**What you have to do**
For this exercise, copy the records below exactly and exclude every image.

**Supplied information**

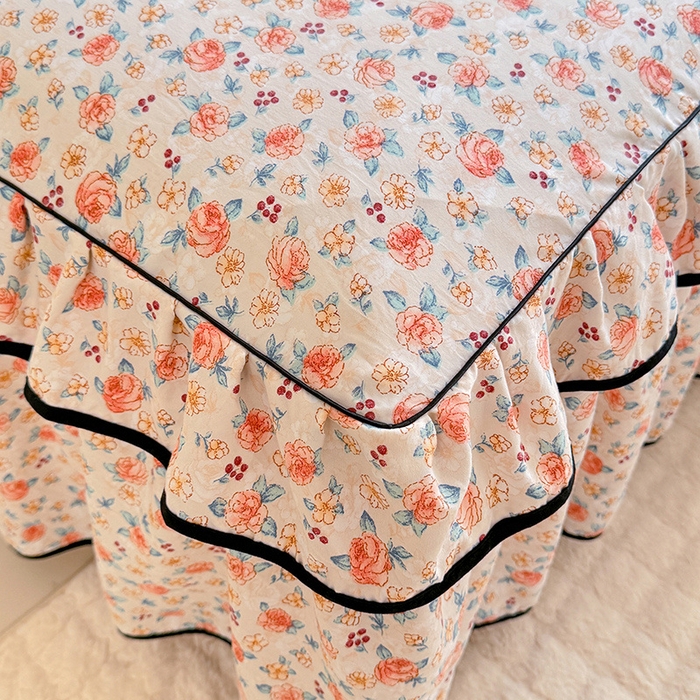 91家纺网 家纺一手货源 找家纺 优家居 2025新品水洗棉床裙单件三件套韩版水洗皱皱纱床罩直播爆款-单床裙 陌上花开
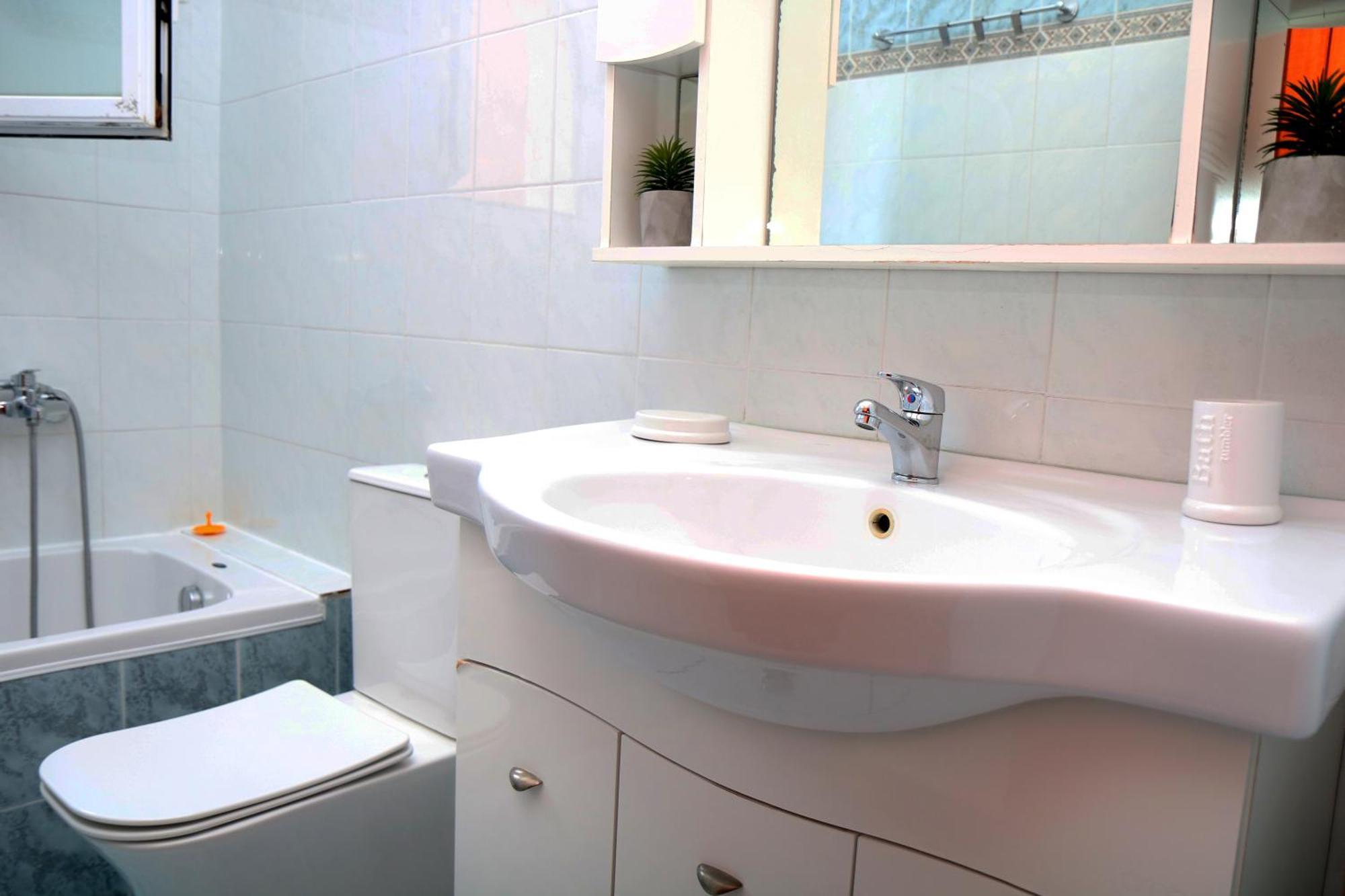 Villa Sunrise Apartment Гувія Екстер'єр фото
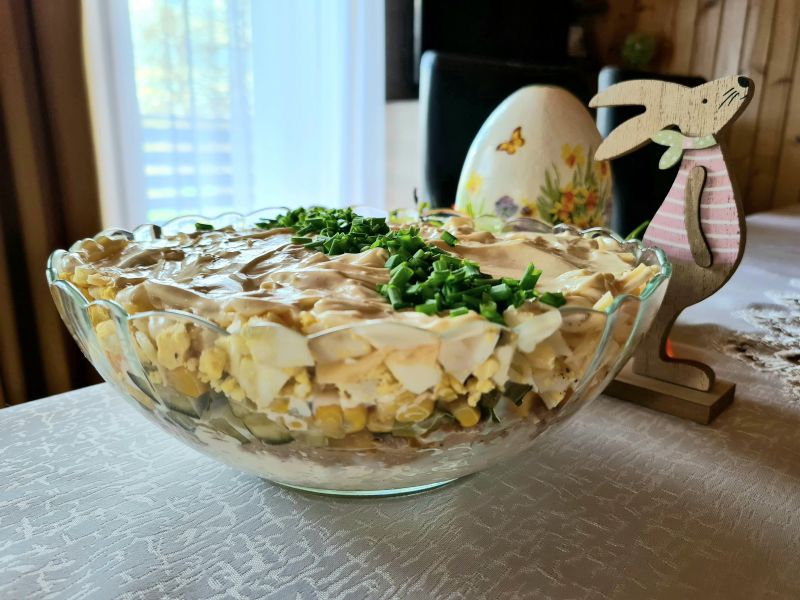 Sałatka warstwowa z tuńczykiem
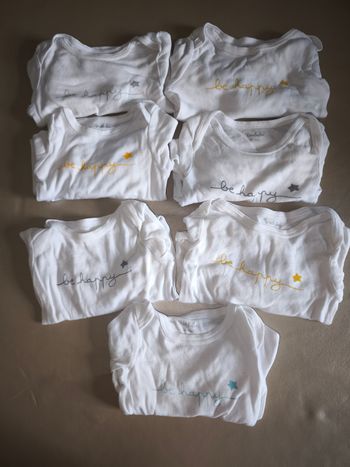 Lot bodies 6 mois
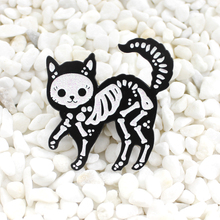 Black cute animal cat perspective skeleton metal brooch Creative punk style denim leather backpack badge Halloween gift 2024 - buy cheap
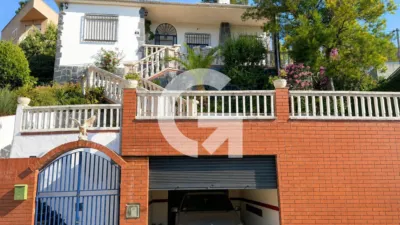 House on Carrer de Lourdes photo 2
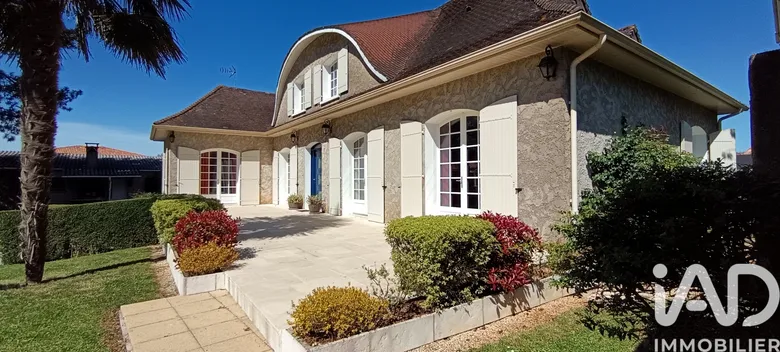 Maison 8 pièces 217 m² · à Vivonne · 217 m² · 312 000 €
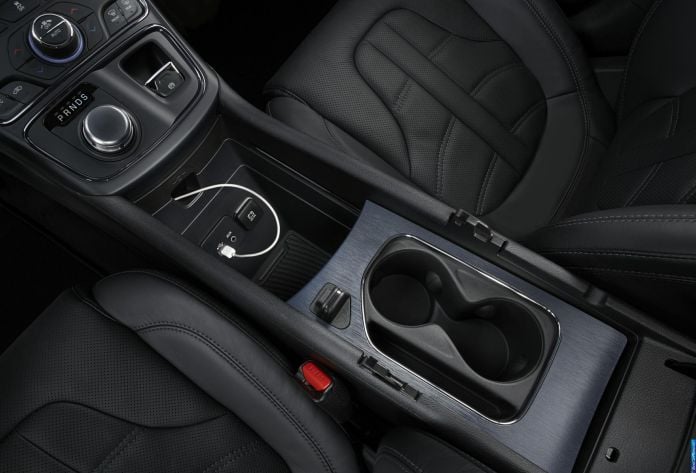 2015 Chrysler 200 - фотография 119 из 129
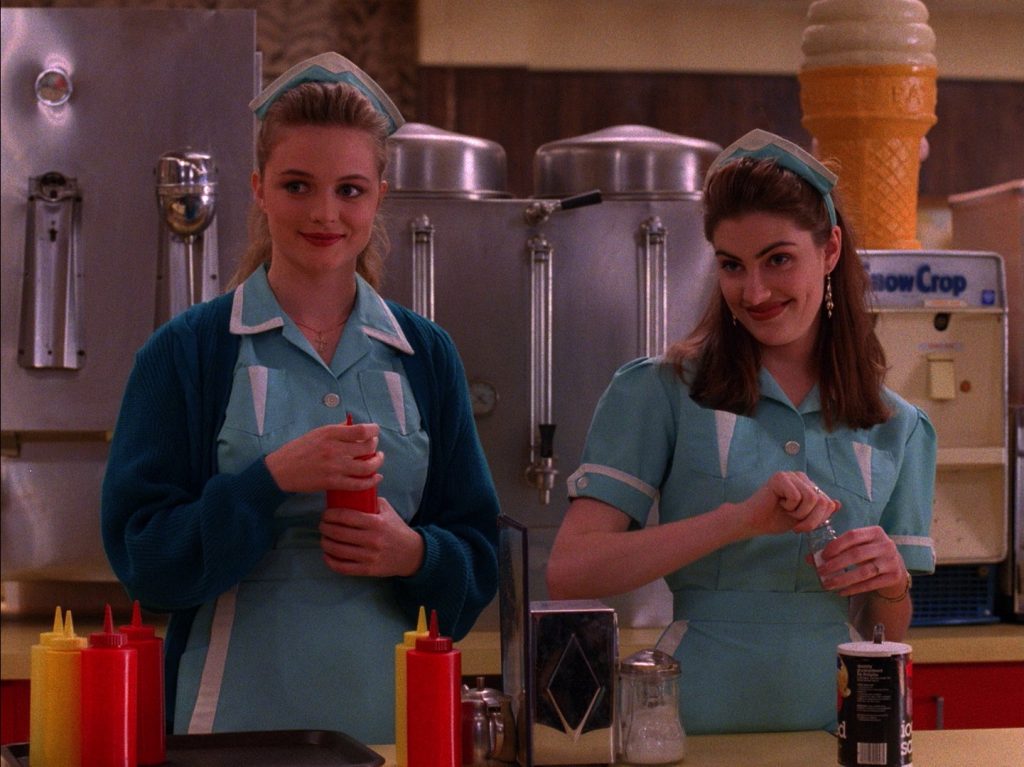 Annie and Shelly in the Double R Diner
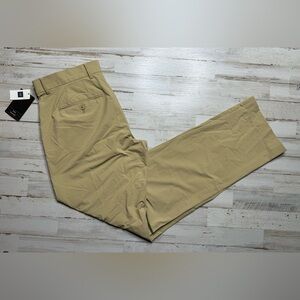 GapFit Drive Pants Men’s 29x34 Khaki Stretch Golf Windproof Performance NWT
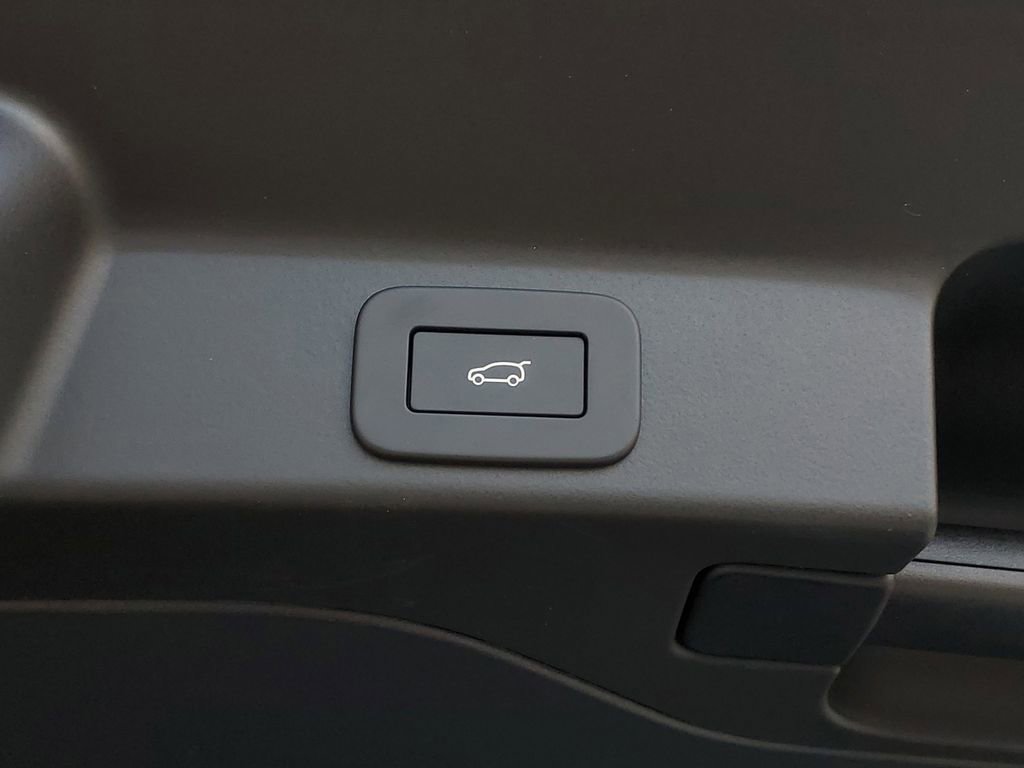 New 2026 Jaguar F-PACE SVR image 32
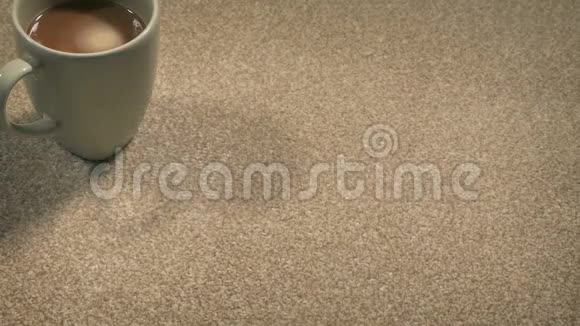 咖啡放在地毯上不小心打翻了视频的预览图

**Result of the exercise**
 91家纺网 家纺一手货源 找家纺 优家居 2025新品水洗棉床裙单件三件套韩版水洗皱皱纱床罩直播爆款-单床裙 陌上花开
 Villa Sunrise Apartment Гувія Екстер'єр фото
 Sałatka warstwowa z tuńczykiem
 Lot bodies 6 mois
 Black cute animal cat perspective skeleton metal brooch Creative punk style denim leather backpack badge Halloween gift 2024 - buy cheap
 House on Carrer de Lourdes photo 2
 Maison 8 pièces 217 m² · à Vivonne · 217 m² · 312 000 €
 2015 Chrysler 200 - фотография 119 из 129
 Annie and Shelly in the Double R Diner
 GapFit Drive Pants Men’s 29x34 Khaki Stretch Golf Windproof Performance NWT
 New 2026 Jaguar F-PACE SVR image 32
 咖啡放在地毯上不小心打翻了视频的预览图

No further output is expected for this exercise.